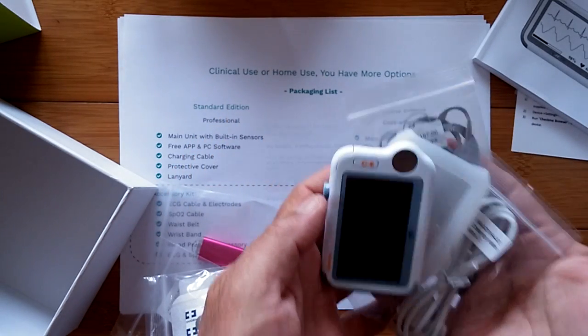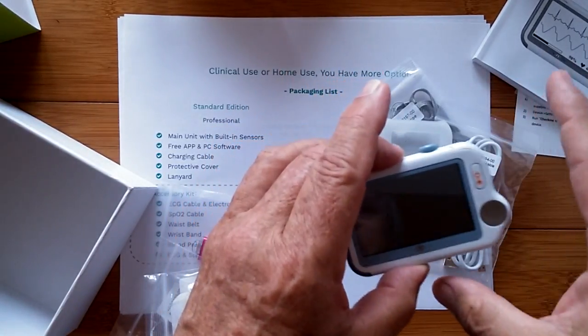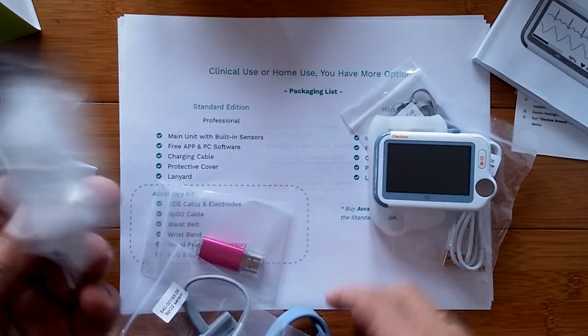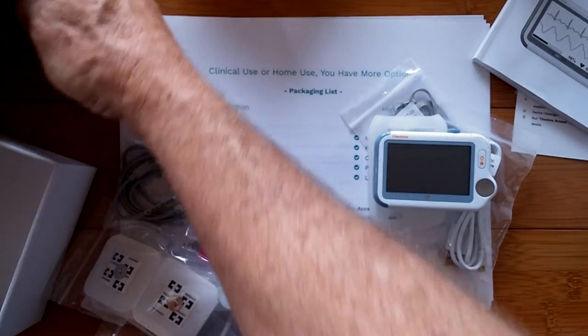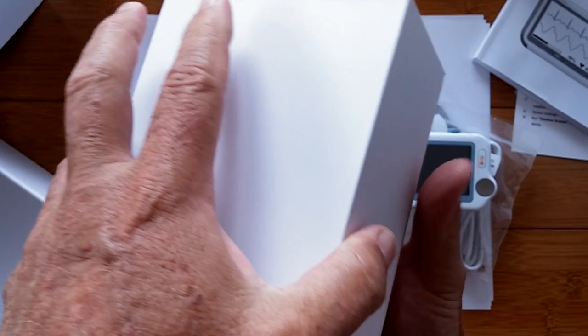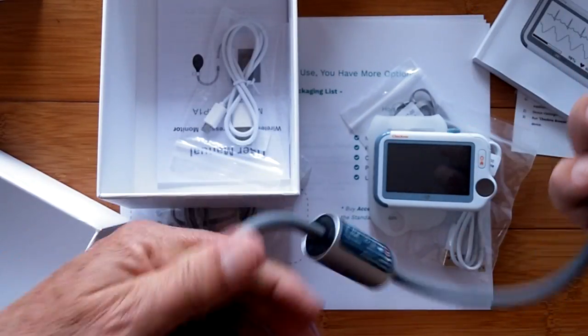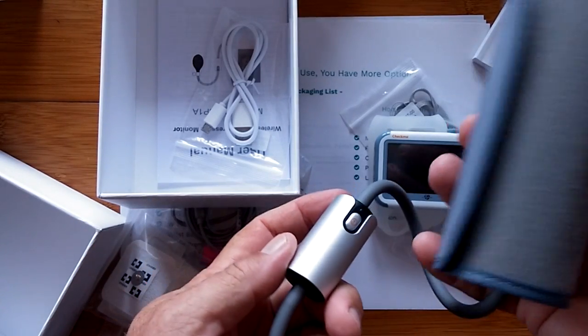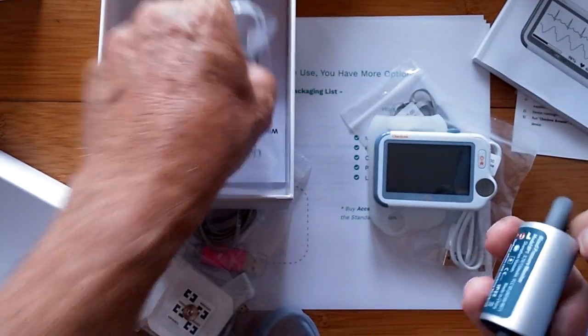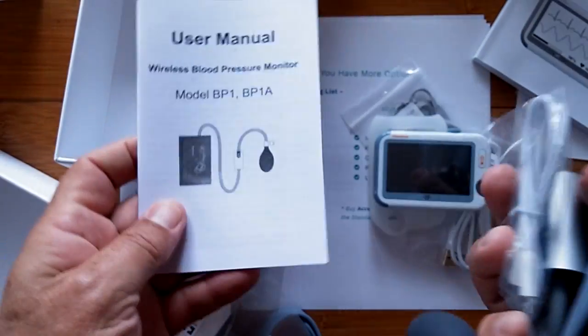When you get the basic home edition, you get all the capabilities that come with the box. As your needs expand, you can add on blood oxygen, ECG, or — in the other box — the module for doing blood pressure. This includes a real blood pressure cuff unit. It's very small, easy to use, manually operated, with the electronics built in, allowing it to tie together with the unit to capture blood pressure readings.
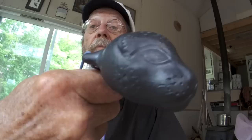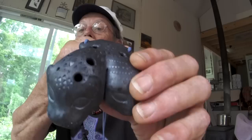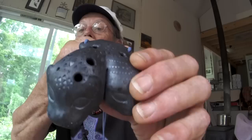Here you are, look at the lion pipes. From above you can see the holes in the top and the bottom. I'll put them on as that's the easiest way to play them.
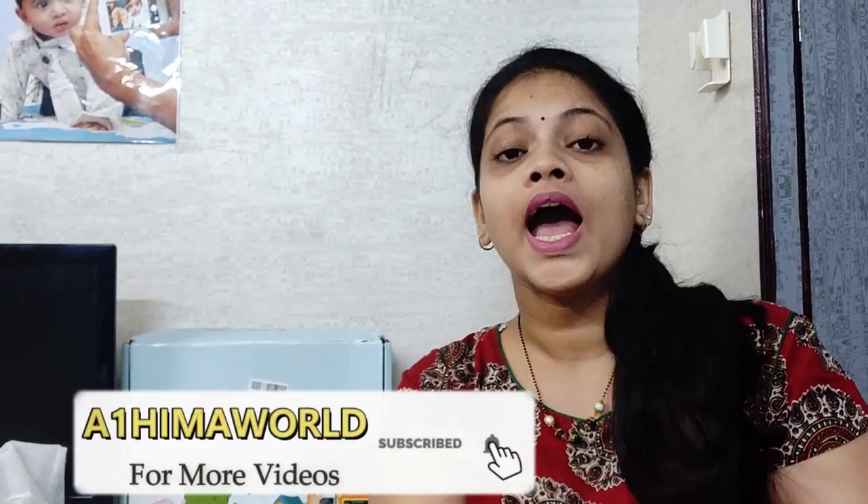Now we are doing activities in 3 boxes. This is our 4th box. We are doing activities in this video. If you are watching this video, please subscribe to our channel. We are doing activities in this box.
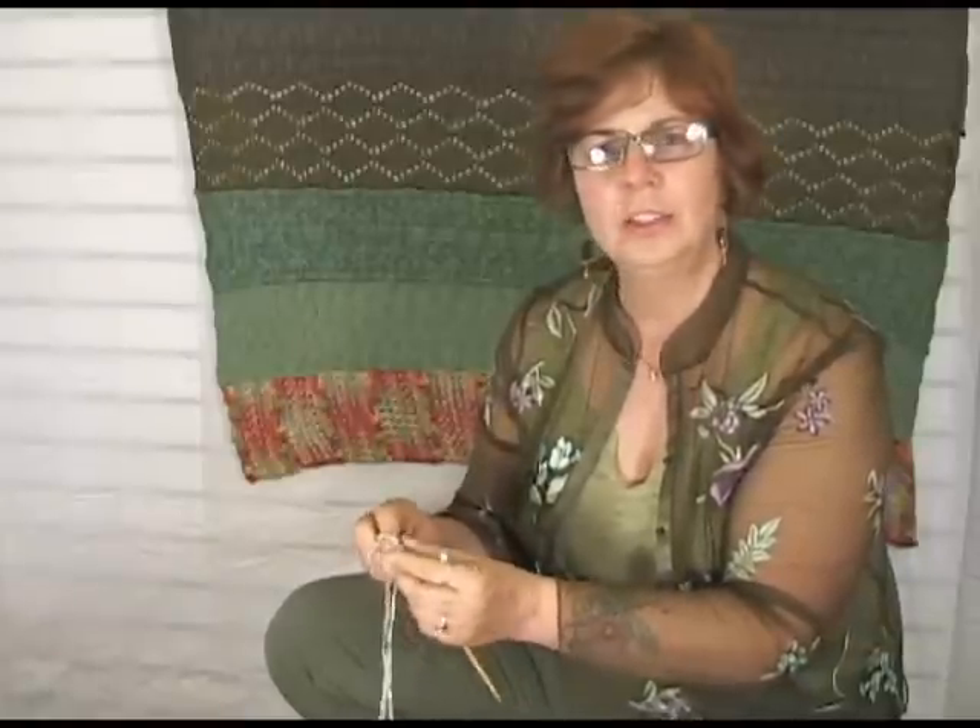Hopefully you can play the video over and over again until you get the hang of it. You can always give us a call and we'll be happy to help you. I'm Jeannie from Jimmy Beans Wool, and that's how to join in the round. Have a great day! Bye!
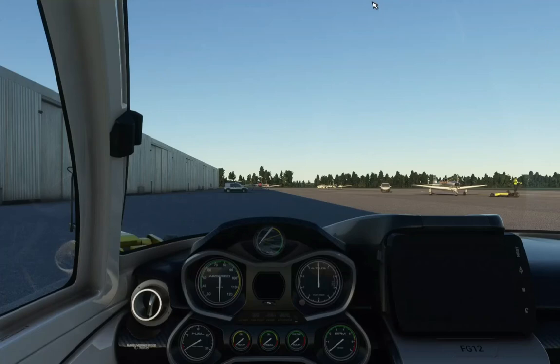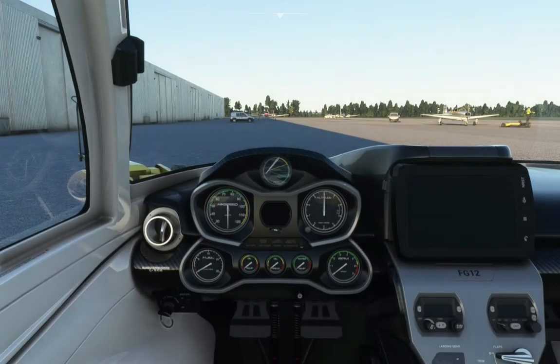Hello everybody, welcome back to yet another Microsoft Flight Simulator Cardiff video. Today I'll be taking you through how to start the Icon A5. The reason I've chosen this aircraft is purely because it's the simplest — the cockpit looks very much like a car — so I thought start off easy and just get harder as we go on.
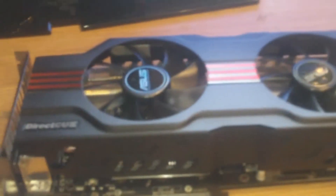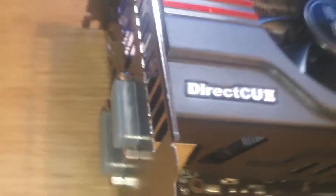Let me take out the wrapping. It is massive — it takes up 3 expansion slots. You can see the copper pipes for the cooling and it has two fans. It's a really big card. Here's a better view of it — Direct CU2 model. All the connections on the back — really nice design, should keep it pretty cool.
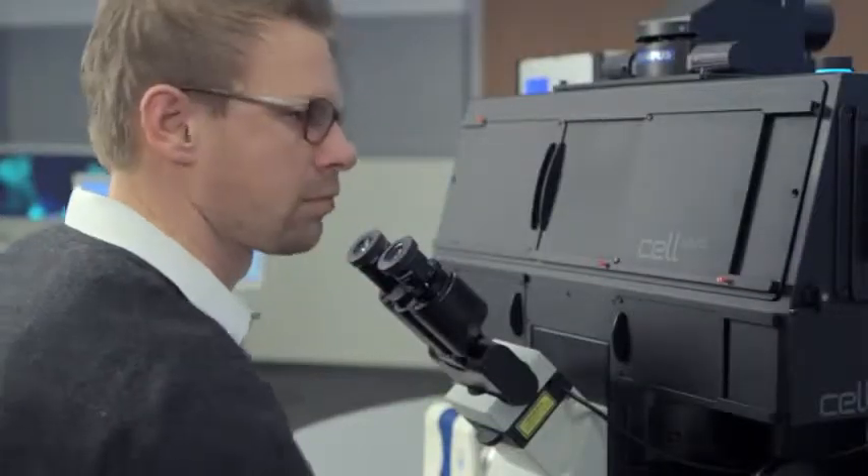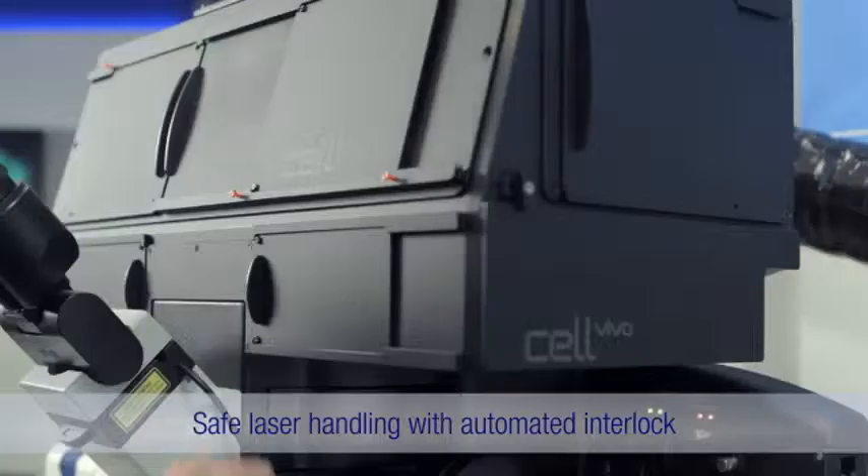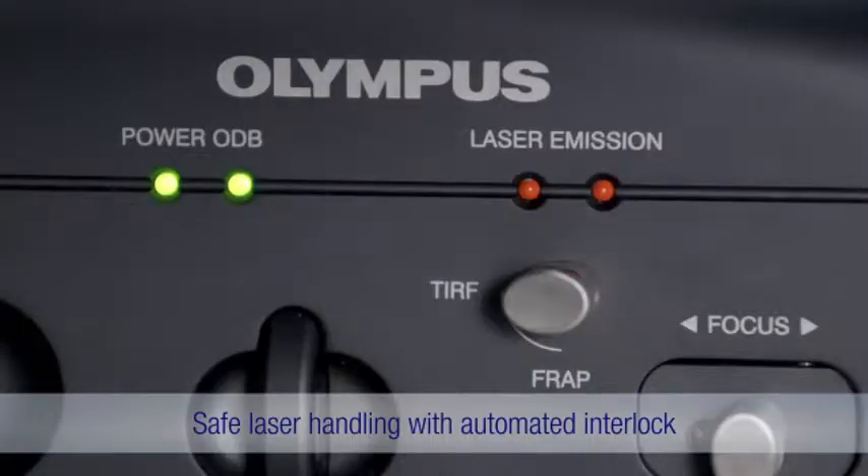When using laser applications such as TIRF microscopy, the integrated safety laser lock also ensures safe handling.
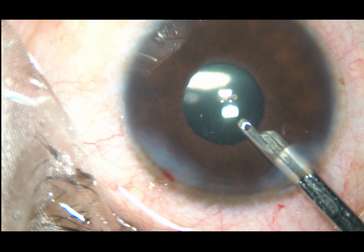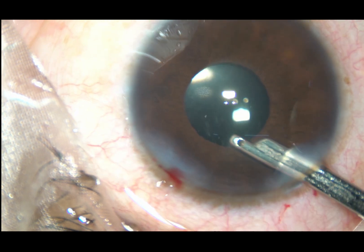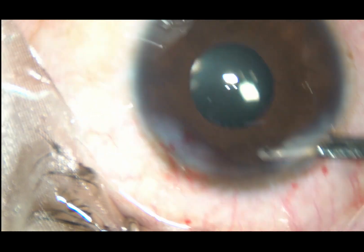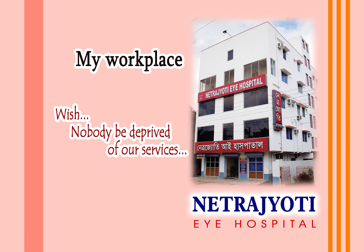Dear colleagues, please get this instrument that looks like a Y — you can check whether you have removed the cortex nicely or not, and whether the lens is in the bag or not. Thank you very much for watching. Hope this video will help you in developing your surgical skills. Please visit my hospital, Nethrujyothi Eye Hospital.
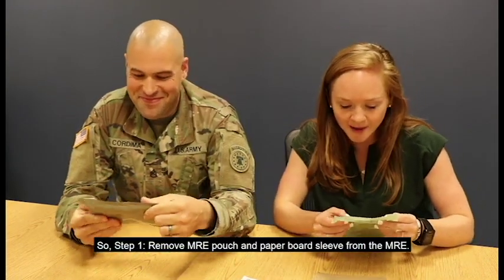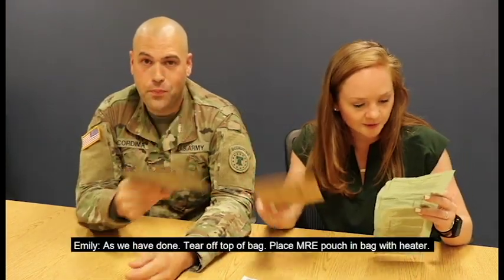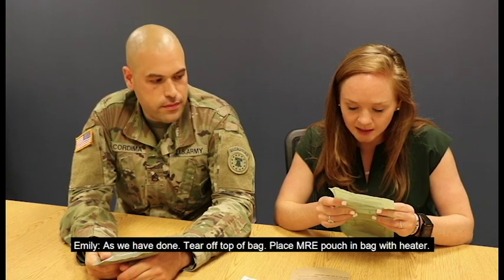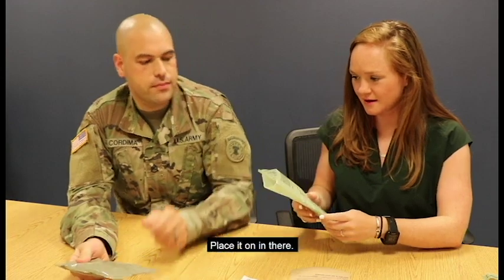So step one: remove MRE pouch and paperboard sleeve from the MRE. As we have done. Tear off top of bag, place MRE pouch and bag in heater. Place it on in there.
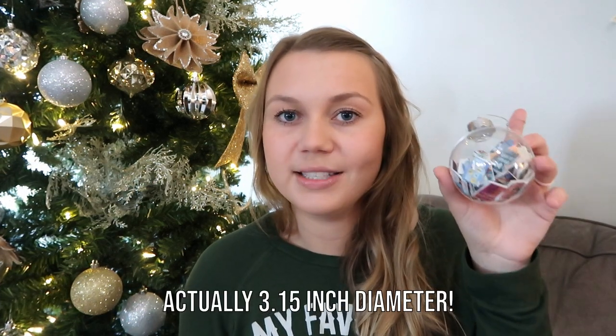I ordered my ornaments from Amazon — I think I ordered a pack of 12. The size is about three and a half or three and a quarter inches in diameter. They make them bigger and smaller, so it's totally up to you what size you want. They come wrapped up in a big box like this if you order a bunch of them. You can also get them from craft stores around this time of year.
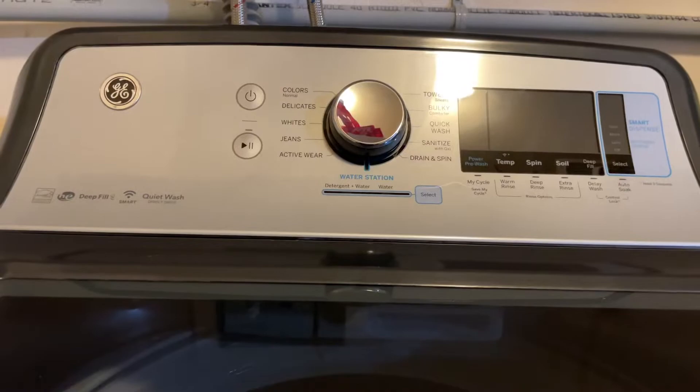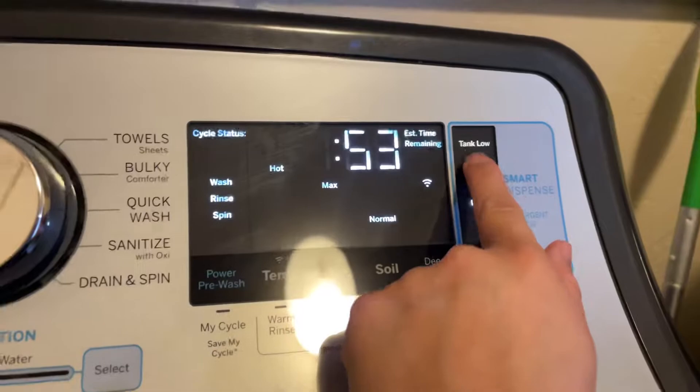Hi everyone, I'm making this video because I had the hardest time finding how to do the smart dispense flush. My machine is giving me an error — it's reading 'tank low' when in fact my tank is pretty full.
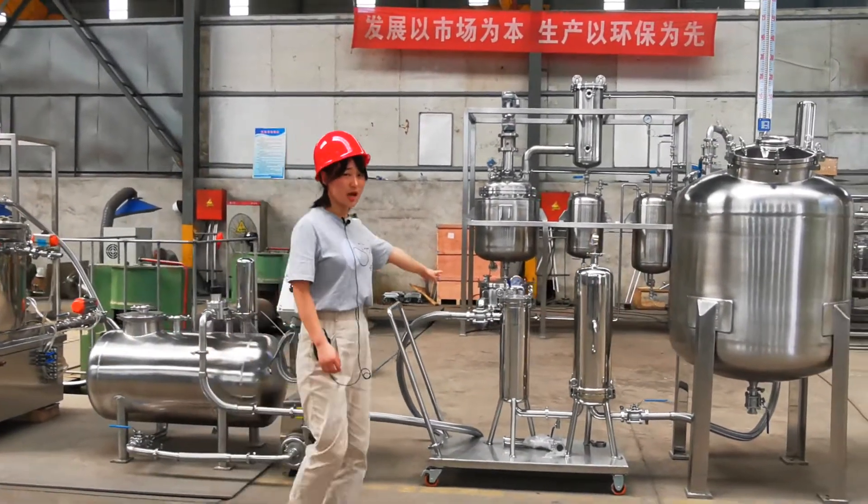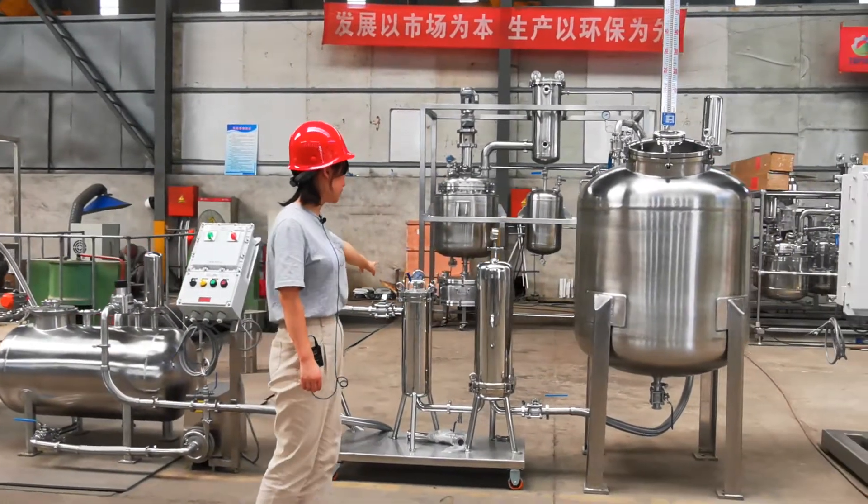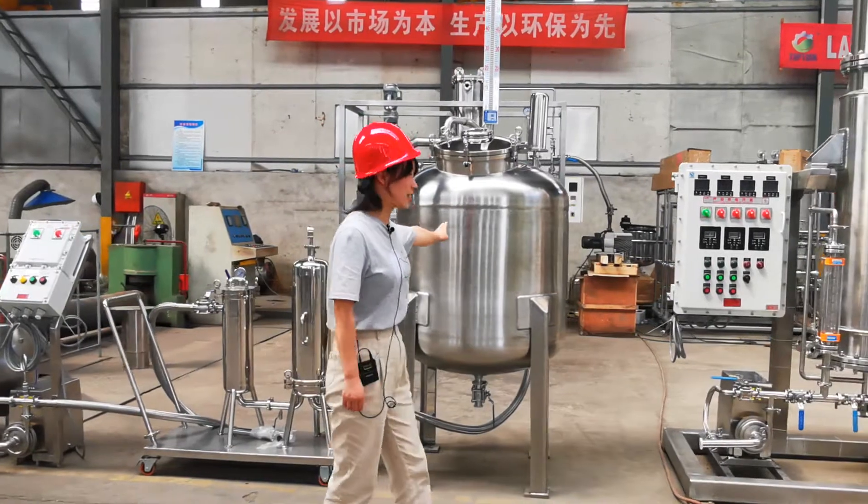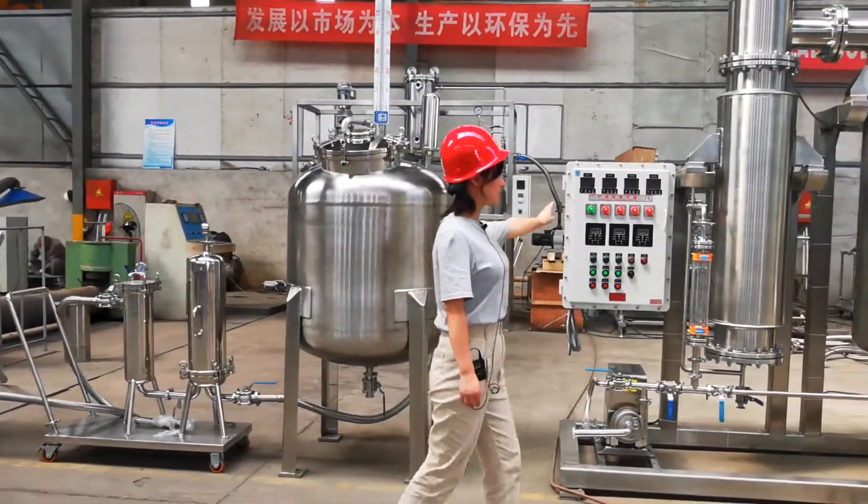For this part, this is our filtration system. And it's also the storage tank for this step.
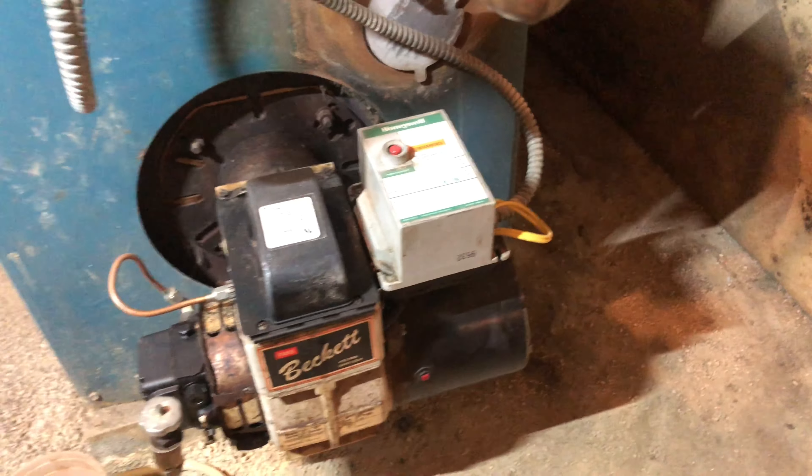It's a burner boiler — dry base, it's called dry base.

──────────

* _What this task involves_:
Pictures are to be omitted; otherwise, every line from the first line of the listing through the line containing "Hello everybody, welcome" must be reproduced exactly, both ends included.

* _Answer to this problem_:
When you get the basic home edition, you get all the capabilities that come with the box. As your needs expand, you can add on blood oxygen, ECG, or — in the other box — the module for doing blood pressure. This includes a real blood pressure cuff unit. It's very small, easy to use, manually operated, with the electronics built in, allowing it to tie together with the unit to capture blood pressure readings.
Here you are, look at the lion pipes. From above you can see the holes in the top and the bottom. I'll put them on as that's the easiest way to play them.
Now we are doing activities in 3 boxes. This is our 4th box. We are doing activities in this video. If you are watching this video, please subscribe to our channel. We are doing activities in this box.
Hopefully you can play the video over and over again until you get the hang of it. You can always give us a call and we'll be happy to help you. I'm Jeannie from Jimmy Beans Wool, and that's how to join in the round. Have a great day! Bye!
Hello everybody, welcome back to yet another Microsoft Flight Simulator Cardiff video. Today I'll be taking you through how to start the Icon A5. The reason I've chosen this aircraft is purely because it's the simplest — the cockpit looks very much like a car — so I thought start off easy and just get harder as we go on.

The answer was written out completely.